The credit card is what I use for everything: rates payments, electricity, air time, insurance payment, AA membership (when your car looks like mine, it’s a jolly good idea), groceries, thermal underwear – you name it, if it can go the card, it does. The trick to using a credit card is to pay the entire amount due, down to the last cent, each and every month.
Inspiration strikes – my car licence is due for renewal –in fact it expires within 3 days and I haven’t sussed out how I can sort it out on-line. I never use the car for one errand only, so I pack in my library books and plan to buy cat food while I’m going in that direction.
First stop, the charity shop. This is a fairly miserable little one in a poor neighbourhood so the pickings are usually slim. I find a really pretty metal waste paper bin in turquoise for R8. This is a future plant container.
Next stop, the charity shop. This one is a little more up-market and I’ve bought a couple of useful books here. Fiction I borrow from the library. Here I find a little wire egg basket for R5. With a bit of wire from the roll I purchased for about R30 three or four years ago and which I hope will last me for my lifetime, it’ll make a container for a hanging plant, preferably a vegetable or herb of sorts.

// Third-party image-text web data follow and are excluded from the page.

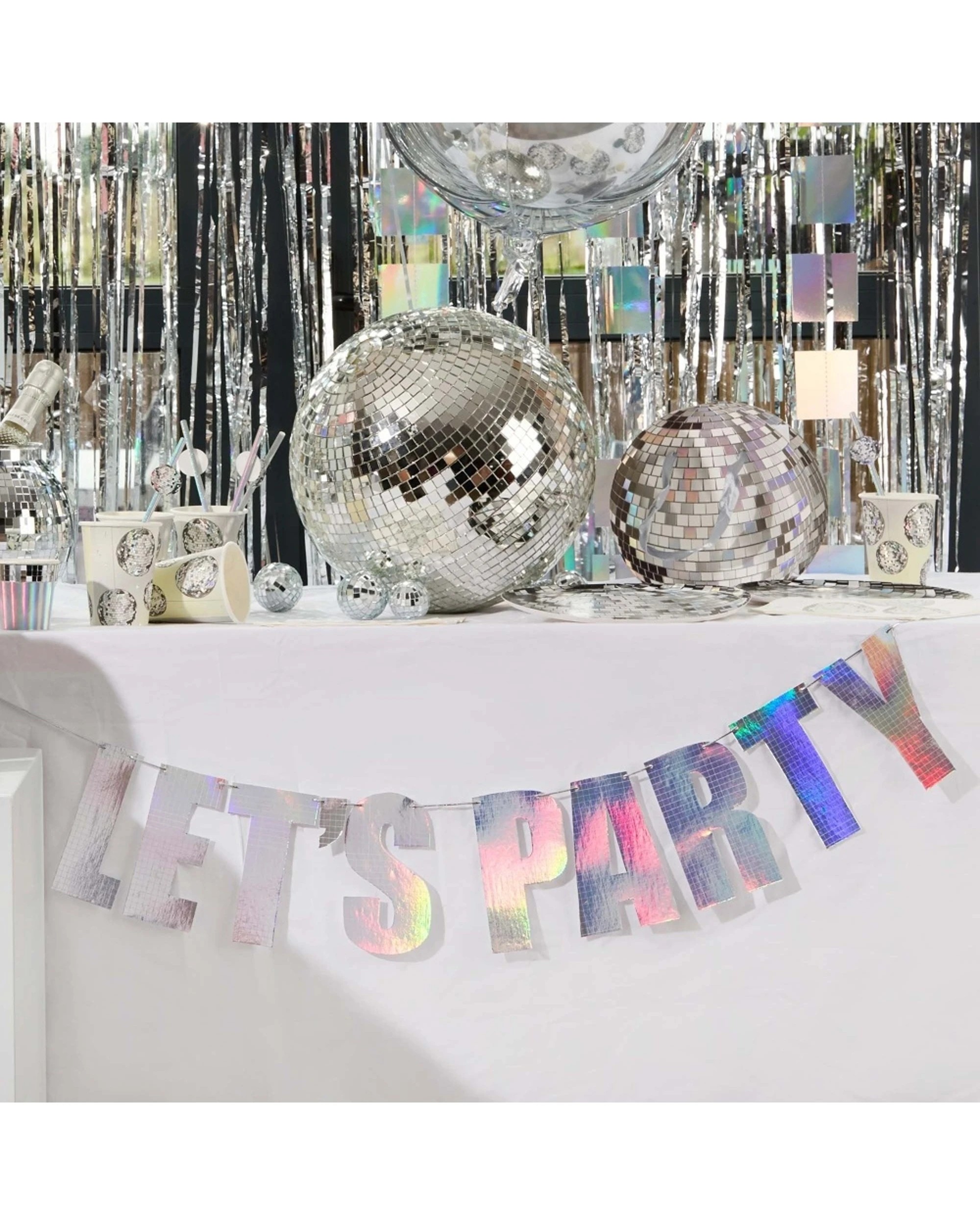 2 Anagram Disco Party Iridescent Lets Celebration Decoration Banner - Multi, 2 of 2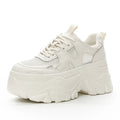 White Chunky Platform Sneakers Ultra Thick Sole Height Increasing Zpaxo White Mesh 34 China Mainland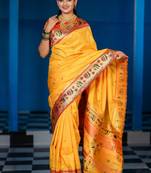 yellow floral, zari woven slik blend saree with blouse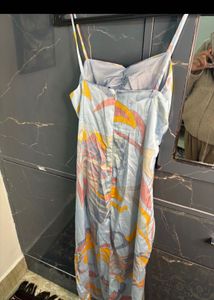 Abstract Print Cutout Midi Dress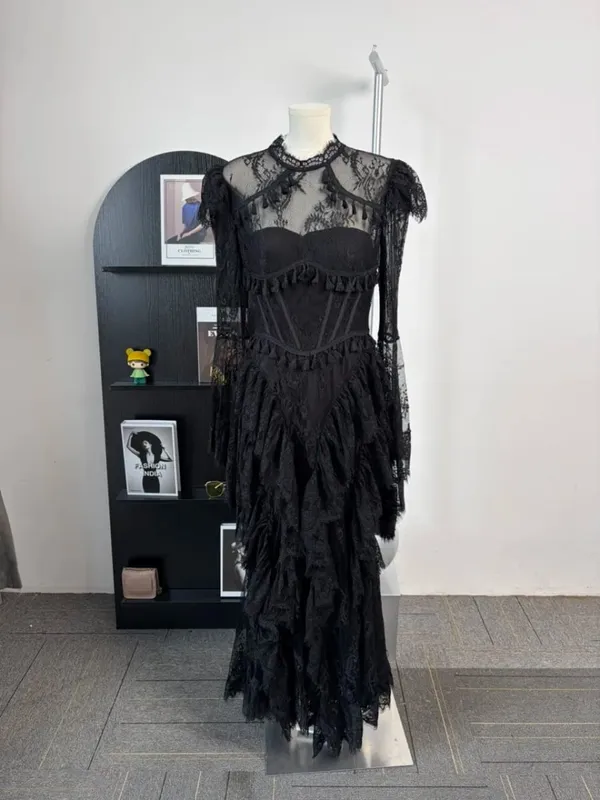 Summer Stand Collar Lace Tassel Hollow Out Flare Sleeve Dress Women Boned Waist Tiered Mermaid Dresses New 3A2709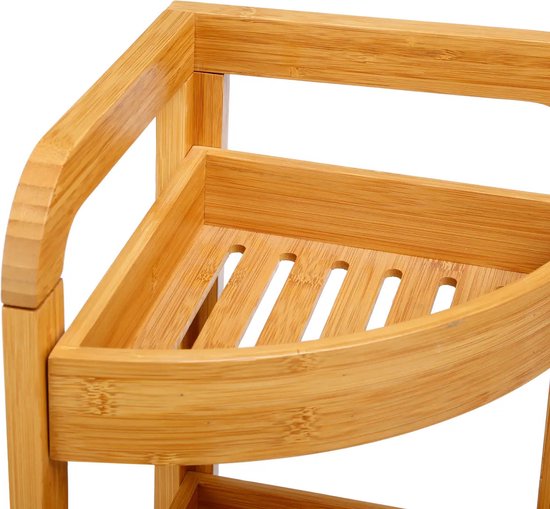 5Five Doucherekje/badkamerrekje hoek model - bamboe - 3 lagen - 23 x 61 cm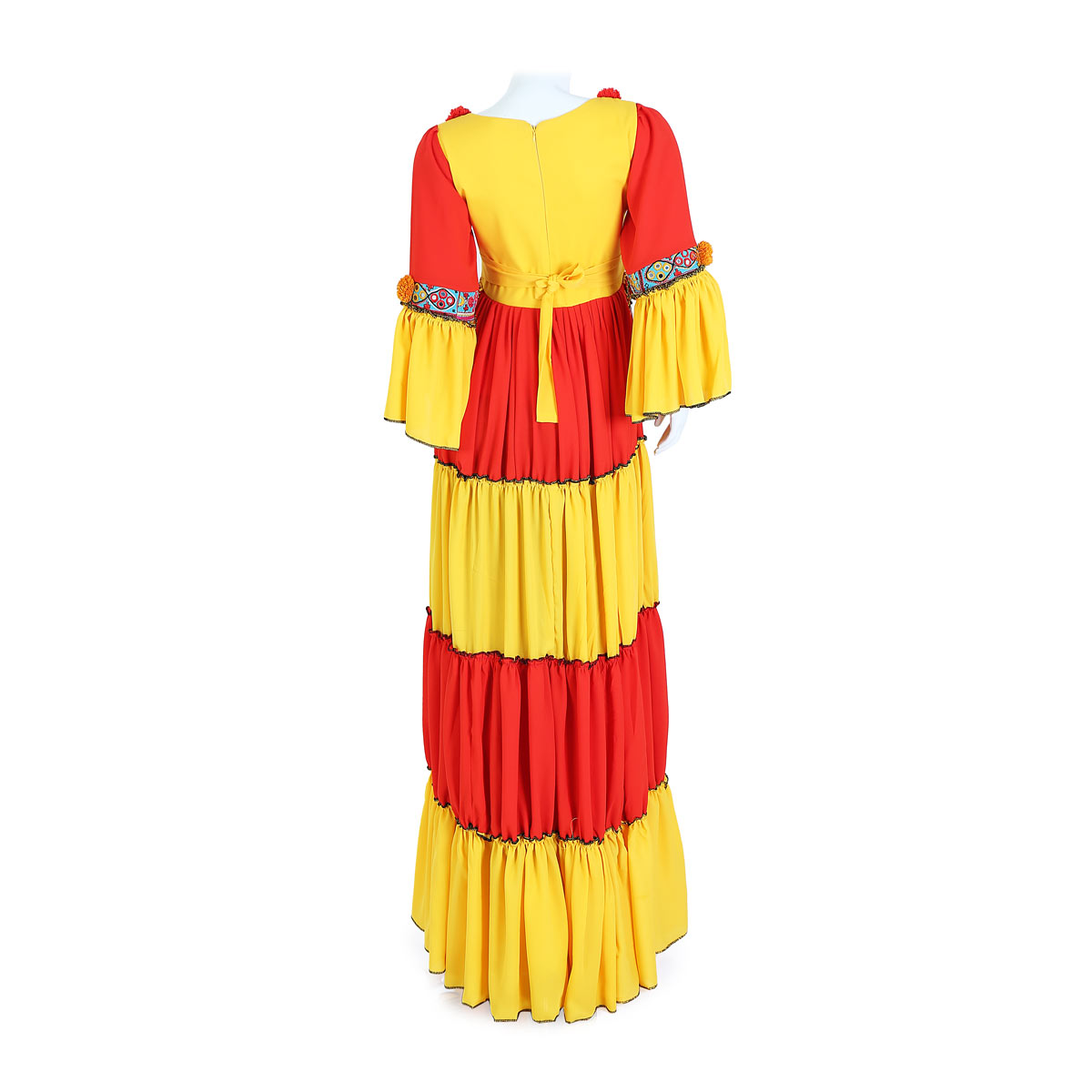 Afghan Mirror-Embroidered Long Dress 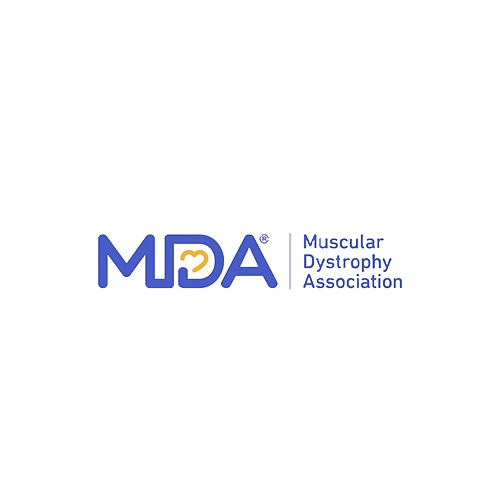 Muscular Dystrophy Association logo with a heart design in the letter D.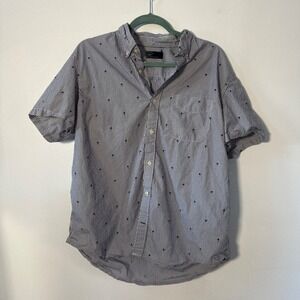 GAP Menswear Short Sleeve Button Up Shirt Striped Palm Tree Print Size XL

Traffic department – longish queue – very boring – find out how to do this on-line in future. One more tedious errand banished forever; this may be misplaced optimism – the system doesn’t seem to work too well in our rainbow nation.
I have to buy potting soil because of the cheap bin. This is a major expenditure in my life because I garden entirely in pots. Actually, the pots are the major expenditure because this particular garden was started only about a year ago. Fortunately, I bought most of these while I was working because these days it’s more about making something from nothing. My local nursery has a loyalty card system which means I get back money (to be truthful, a minuscule amount) on every purchase I make. I also get a free gift each month. This month it was a small packet of fertiliser which I gave to a friend. Last month, it was a pack of bulbs (Spraxis, which are doing quite nicely, thank you). I think the previous month it was a succulent, and so on. Obviously, this is a great marketing ploy because, as any gardener knows, you cannot go to the nursery without coming away with boot-loads of stuff.
Bulbs are on special – R10 a packet. I shall plant scented freesias in the turquoise waste paper bin. I buy three packets instead of one (see above) and, anyway, it works out at about 28c per bulb. Far less than a teabag – I shall go without tea, if necessary.
Next stop, the herb garden. They have a lot of herbs on special, but I already have all these. I get chatting with a very knowledgeable employee on the subject of tomatoes and notice a trolley of herbs which are obviously destined for the compost heap. Clearly the staff can’t hand out freebies – they’re there to sell the stuff but, by agreement, once his back is turned, I remove one of two dying dill plants from a container. This is theft. There’s no two ways about it- it’s theft. I console myself with the thought that I shall bring this sad little dill plant back to health. It’s not Dill’s time to die.
Woolworths’ butter is no more expensive than anyone else’s and I don’t do margarine. It’s also practically next to the pet shop where I buy supplies for Sweet Baby Jane (a spoilt and rather tubby cat). As I enter, there are several trays of promotional products, including crisp bread surrounded by cheese and baby tomatoes. Baby Roma tomatoes – I don’t have those in my budding vegetable garden and I’m still seething at the price of vegetable seeds at the nurseries.
More and more people are turning to growing at least some of their food and the seed companies are cashing in on the trend. This, regrettably, seems to be the South African way.
Two little tomatoes find their way into my bag. This is theft. I justify this to myself, thinking Woolworths was prepared to give me a couple of tomatoes to eat – why should they care if I eat them later in the year, when they will hopefully have grown fruitful and multiplied?
“Oh what a tangled web we weave, when first we practise to deceive” – Sir Walter Scott.
I don’t quite know if I’ve untangled it yet, but the dill plant looks happier already and the tomatoes are in a saucer where they will dry out in time to be planted come spring. They, too, look quite cheerful..
In the meantime, the sun has come out and I still don’t have the urge to do that darned typing.